# Clown Problems



## Bear (Jun 8, 2006)

I am now on my second pair of clowns.

The first pair hung around in the back near one of the powerhead's filters and after about a week, and then they hid under a rock for a few more days. I took them out to take them to the store later that day, put them in a tupperware and later found them both dead.

I now have a second pair that are in the back with the same filter. these 2 seem to travel around the tank much more, but are acting weird, as the other 2 were. one is breathing quickly and the other is not closing his mouth. everything else in the tank is doing fine and has been since before what happened with the other 2.

I was wrong when i got them, they are not tank bred. I will post a pic later.


----------



## CollegeReefer (Sep 1, 2006)

What are your levels at? How long did you accclimate them? Did you QT them first? How long did your tank cycle? How long was your system up for? It is not that weird that the clowns hosted the power head. I have heard my stories of this occuring. I am not exactly sure why you got rid of your first clowns. How long did you have them again?


----------



## Bear (Jun 8, 2006)

they died...that's why i got rid of them. I don't think that they were eating. My levels are perfect. the tank was set up for about 3 weeks at first, the tank was cycled for 3 weeks. they were not QT'd at my house, but were at the LFS (my friend works at the store and did this for me) they were eating there, but not in my tank.
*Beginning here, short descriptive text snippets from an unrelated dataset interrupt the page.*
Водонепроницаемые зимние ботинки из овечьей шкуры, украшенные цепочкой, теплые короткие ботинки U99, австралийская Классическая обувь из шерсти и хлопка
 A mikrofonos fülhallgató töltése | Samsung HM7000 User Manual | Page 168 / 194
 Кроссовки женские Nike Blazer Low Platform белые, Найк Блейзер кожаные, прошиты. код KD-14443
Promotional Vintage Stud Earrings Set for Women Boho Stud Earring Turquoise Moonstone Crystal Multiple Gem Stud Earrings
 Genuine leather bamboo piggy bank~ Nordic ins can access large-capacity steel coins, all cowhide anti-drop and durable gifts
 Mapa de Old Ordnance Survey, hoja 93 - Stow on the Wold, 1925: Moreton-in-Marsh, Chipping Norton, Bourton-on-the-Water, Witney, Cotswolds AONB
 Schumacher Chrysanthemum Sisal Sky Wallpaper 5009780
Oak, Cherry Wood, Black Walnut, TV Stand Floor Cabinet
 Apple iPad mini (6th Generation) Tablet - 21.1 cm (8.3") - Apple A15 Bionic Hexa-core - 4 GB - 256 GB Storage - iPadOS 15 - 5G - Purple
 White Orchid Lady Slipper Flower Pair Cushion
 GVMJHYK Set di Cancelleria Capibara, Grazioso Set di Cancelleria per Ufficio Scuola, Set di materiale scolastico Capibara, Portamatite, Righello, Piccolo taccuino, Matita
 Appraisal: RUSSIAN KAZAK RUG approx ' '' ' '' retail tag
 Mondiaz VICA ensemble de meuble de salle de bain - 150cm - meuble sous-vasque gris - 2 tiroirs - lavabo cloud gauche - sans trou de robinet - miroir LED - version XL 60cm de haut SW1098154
I have a 6 line wrasse and 2 firefish that are all doing great.


----------



## Fishfirst (Jan 24, 2005)

hmmm... since the tank has only been up for 3 weeks I'd say its probably a case of going too fast. Three weeks is not enough time at all for a full cycle... especially in a marine tank that doesn't have the Dissolved Oxygen like a freshwater tank has. Already having 5 fish in 3 weeks without quarentine is definately not advisable, even when your friend at the LFS is quarentining for you. 

BTW: Are the firefish a mated pair??? If not, be prepared to only have one in a few months.


----------



## Bear (Jun 8, 2006)

the firefish are a pair. I guess if the problem with these clowns continue I will make sure and lay off the fish for a while. Thanks!

oh...how long would you think it would take before it wouldbe fine to add more fish?


----------



## Damon (Jan 18, 2005)

I woudl wait at least 4-6 more weeks, minimal. Acclimating them is also crucial.


----------



## Ice (Sep 25, 2006)

Always QT your livestock. Even if you bought it at your lfs. A good idea to set one up in your home. I'll have to agree with Fishfirst. Way too fast adding more livestock within 3-4 weeks.


----------



## MaryPa (Jan 25, 2006)

How did you acclimate the clowns?


----------



## Bear (Jun 8, 2006)

15 mins in a bag, then about a 1/4 cup from the main tank every next 15 mins for a couple hours


----------



## harif87 (Jun 5, 2006)

Try acclimating using the drip method. Its usually slow enough not to cause any shock to fish and inverts.


----------



## Fishfirst (Jan 24, 2005)

sounds like your acclimation is acceptible... I think the biggest thing you are missing is quarentine


----------



## Bear (Jun 8, 2006)

what would a QT have done in this process (not attacking you, just trying to learn to help set up a QT later)


----------



## Ice (Sep 25, 2006)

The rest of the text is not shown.